The Central Disaster and Safety Countermeasures Headquarters (CDSCHQ) is an emergency operations center of South Korea under the Ministry of the Interior and Safety that oversees and coordinates matters related to response to and recovery from large-scale disasters in the country and takes necessary measures.

== Organization ==
CDSCHQ is headed by the Minister of the Interior and Safety. In the case of an overseas disaster, the Minister of Foreign Affairs exercises the authority of the Central Disaster and Safety Countermeasures Headquarters. In the case of a radioactive disaster, the Chairman of the Nuclear Safety and Security Commission (NSSC), who also serves as the head of the Central Disaster and Safety Countermeasures Headquarters, exercises the authority of the Headquarters.
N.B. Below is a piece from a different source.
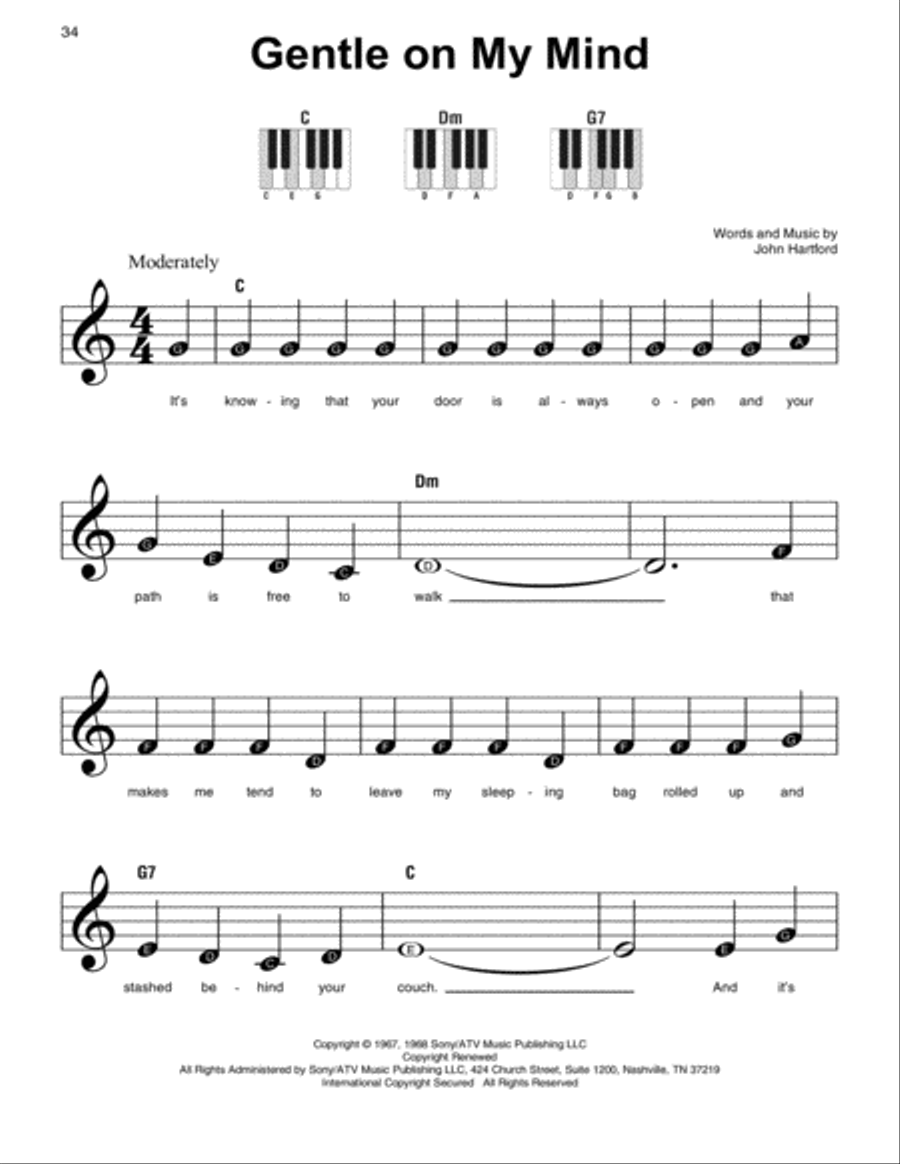 Gentle On My Mind Gentle On My Mind Easy Piano scores gallery preview page 1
The Minister of Interior and Safety may, upon recommendation by the Minister or by his/her own authority, change the head of the headquarters to the Prime Minister. In this case, one of the Minister of Interior and Safety, the Minister of Foreign Affairs, or the Chairman of the NSSC will be appointed as the deputy head according to each type of disaster. The head of the headquarters may, as necessary, command the head of the Central Accident Response Headquarters, the city/provincial disaster safety countermeasures headquarters, or the city/county/district disaster safety countermeasures headquarters.